At the age of 18; I glorified death,
I was waiting for a Augustus Waters or maybe a Will Traynor,
To tell me that “I will be loved deeply if not widely” or maybe to tell me “to buy my own freedom and live boldly.”
At the age of 18;I joked about my insecurities before people could,
I was timid,scared or maybe too tired of explaining that I was different.
At the age of 18;I watched more chick flicks and high school romances,
They made me believe that I was good as I was even if only for few hours.
Maybe I was waiting for the Peter Kavinsky to my Lara Jean,
Or maybe I too preferred forget me nots over dandelions.

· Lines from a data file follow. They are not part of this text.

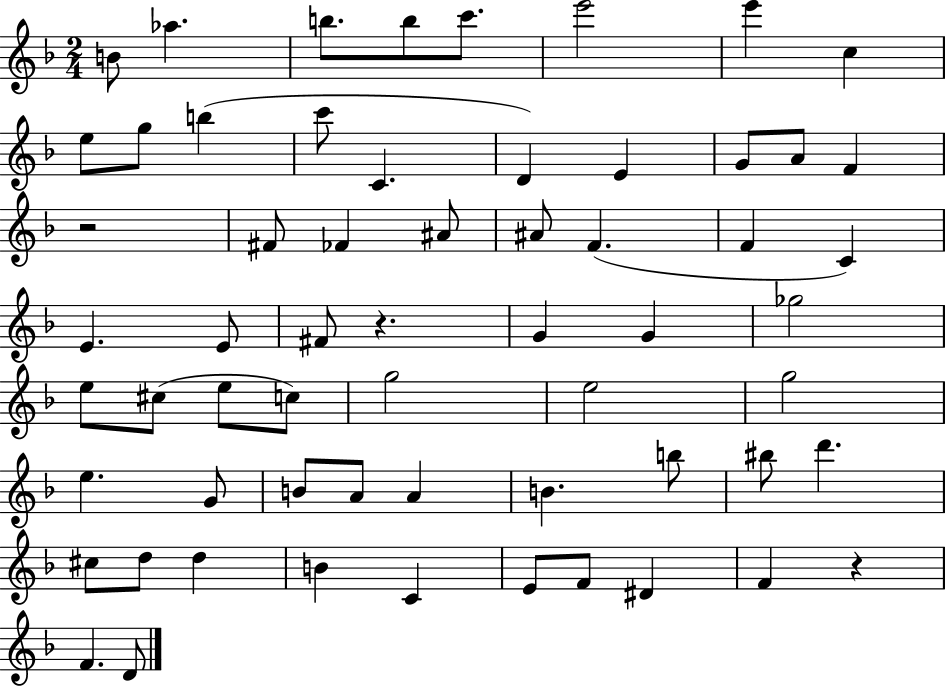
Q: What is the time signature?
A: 2/4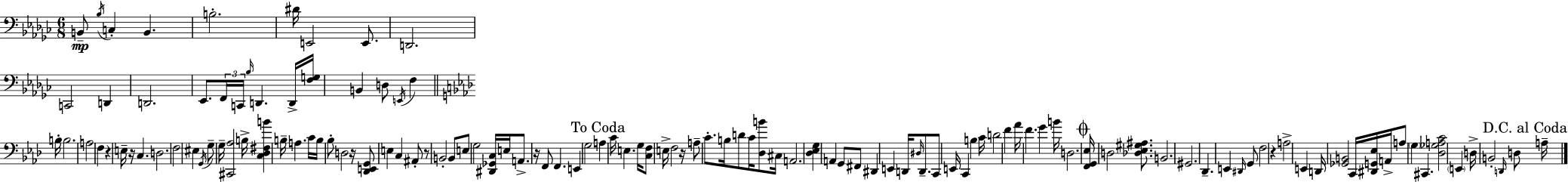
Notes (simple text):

B2/e Bb3/s C3/q B2/q. B3/h. D#4/s E2/h E2/e. D2/h. C2/h D2/q D2/h. Eb2/e. F2/s C2/s Bb3/s D2/q. D2/s [F3,G3]/s B2/q D3/e E2/s F3/q B3/s B3/h. A3/h F3/q R/q E3/s R/s C3/q. D3/h. F3/h EIS3/q G2/s G3/e G3/s [C#2,Ab3]/h B3/s [C3,Db3,F#3,B4]/q B3/s A3/q. C4/s B3/s Bb3/e D3/h R/s [Db2,E2,G2]/e E3/q C3/q A#2/e R/e B2/h B2/e E3/e G3/h [D#2,Gb2,C3]/s E3/s A2/e. R/s F2/e F2/q. E2/q G3/h A3/q C4/s E3/q. G3/s [C3,F3]/e E3/s F3/h R/s A3/e C4/e. B3/s D4/e C4/s [Db3,B4]/e C#3/s A2/h. [Db3,Eb3,G3]/q A2/q G2/e F#2/e D#2/q E2/q D2/s D#3/s D2/e. C2/e E2/s C2/q B3/q C4/s D4/h F4/q Ab4/s F4/q. G4/q B4/s D3/h. [F2,G2,Eb3]/s D3/h [Db3,Eb3,G#3,A#3]/e. B2/h. G#2/h. Db2/q. E2/q D#2/s G2/e F3/h R/q A3/h E2/q D2/s [Gb2,B2]/h C2/s [D#2,G2,Eb3]/s A2/s A3/e G3/q C#2/q. [Db3,Gb3,A3,C4]/h E2/q D3/s B2/h D2/s D3/e A3/s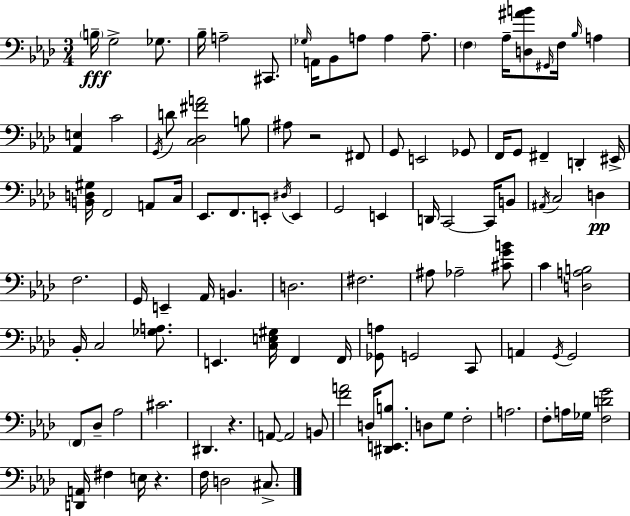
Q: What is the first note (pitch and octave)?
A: B3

At the age of 18;I seeked social validation for my existence,
Price tags to my soul;likes to the kind of person I was.
At the age of 18;the mirror scared me,
Sylvia Plath’s mirror lied;my one spoke the truth.
At the age of 18;I chose oat cookies over chocolate sundae,
At the age of 18;my flabby arms weren’t the only thing that disgusted me.
At the age of 18;I sang myself to sleep,
“I am dancing in the dark”, but the scenario was different.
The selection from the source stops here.